Other LeadingAge Maryland members in attendance included Steve Coetzee, president and CEO of Fahrney Keedy, in Boonsboro, MD; Regina Figueroa, COO of National Lutheran Communities & Services, in Frederick, MD; and St. Elizabeth Director of Nursing Edwina Bell.

Bell reiterated negative effects of overreliance on agency staffing. St. Elizabeth’s regular, full-time staff has dropped from 230 before the pandemic to 157 today. As a result, operators have been “inundated with clinicians who, in many cases, are simply chasing the dollar.”

“The result, and the real issue I feel is really important, is we end up with breaks in continuity in care,” Bell explained. “We also have our own staff feeling undervalued and unappreciated, which leads to low morale and that’s a huge problem.”

From a management point of view, it’s also very difficult to handle agency staff, she added.

Criticism and connection

LeadingAge Maryland President and CEO Allison Ciborowski sat next to Brooks-LaSure and didn’t hold back criticism of the White House’s proposed reforms.

“… The only additional funding called for in the Administration’s nursing home initiative is for more survey resources,” she noted. “Finding more deficiencies and taking money out of nursing homes is not going to get us what we want. If this model worked, and if today’s reimbursement was sufficient, we wouldn’t be experiencing the crisis in access to care.”

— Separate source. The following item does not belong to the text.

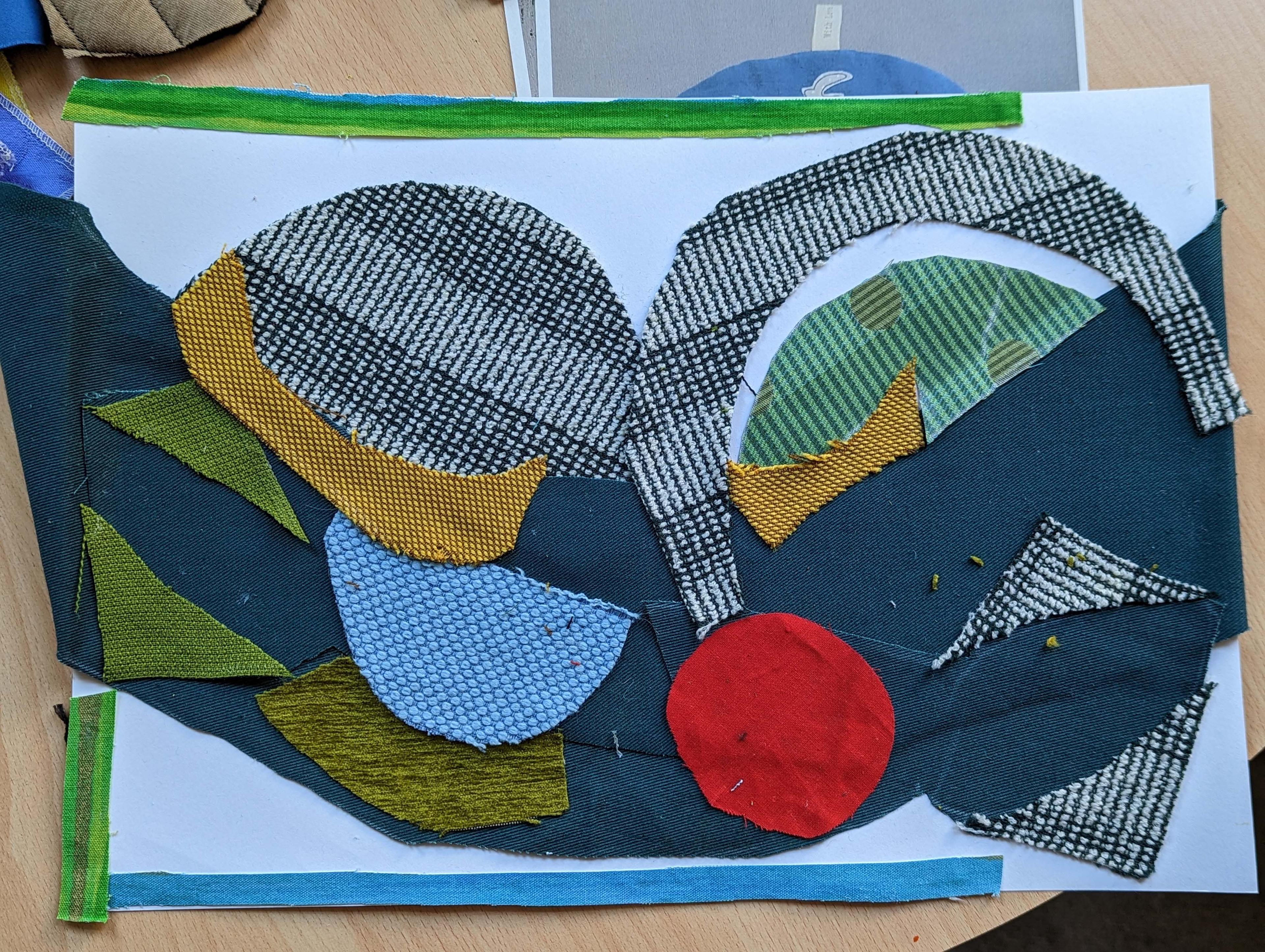 Fabric collage on paper.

“A staffing ratio mandate will not amount to more than words – and more fines for noncompliance – without meaningful changes to increase the supply of qualified workers, for example, in immigration policy,” she added.

Yet Ciborowski also emphasized that she felt the CMS in-person visit was promising.

“Clearly, they are wanting to understand how they can operationalize some of the things President Biden has announced, and they really want to do that well, so I was encouraged and heartened,” she said.

In addition to providing more information about where staffing agency pricing caps are in play, she said CMS also wants to know more about potentially positive effects of the three-day stay waiver.

“They seemed certainly open to discussing it and seeing more data and where it’s been useful and what that data looks like,” she noted.

She said busy note-taking by the CMS visitors was a good sign.

“I hope it kind of lifted the veil and closed the gap between the perspective they might have of nursing homes from a national perspective to the reality on the ground and getting to see some of the incredible work that happens,” she explained. 

“There maybe were not huge ‘light bulb’ moments, but there were things our provider members were saying that really resonated with CMS staff, and maybe things were put in a way they hadn’t thought of before.”